• _ENTRIES SHOWN_
= Beginning of Section =

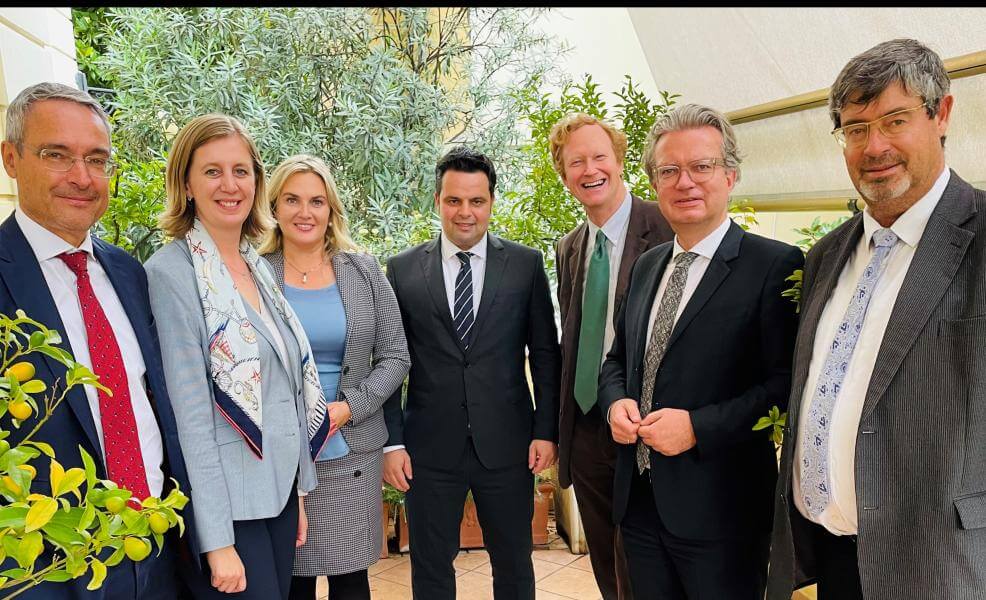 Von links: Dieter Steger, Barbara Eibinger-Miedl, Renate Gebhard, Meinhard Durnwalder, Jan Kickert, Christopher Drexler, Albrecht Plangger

= End of Section =
= Beginning of Section =

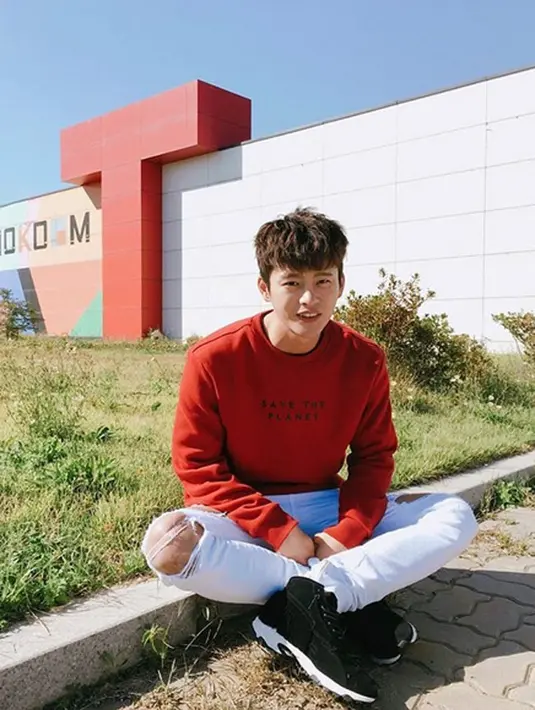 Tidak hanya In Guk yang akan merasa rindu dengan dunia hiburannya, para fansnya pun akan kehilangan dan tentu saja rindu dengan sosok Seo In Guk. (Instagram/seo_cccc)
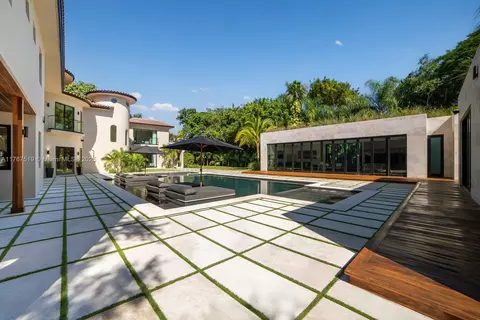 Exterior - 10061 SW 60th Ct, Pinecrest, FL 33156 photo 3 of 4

= End of Section =

Start at the line containing "Tidak hanya In" above and stop at the line containing "Exterior - 10061". Output those lines exactly, both included, but none of the pictures.

• _EXERCISE ANSWER_
 Tidak hanya In Guk yang akan merasa rindu dengan dunia hiburannya, para fansnya pun akan kehilangan dan tentu saja rindu dengan sosok Seo In Guk. (Instagram/seo_cccc)
 Exterior - 10061 SW 60th Ct, Pinecrest, FL 33156 photo 3 of 4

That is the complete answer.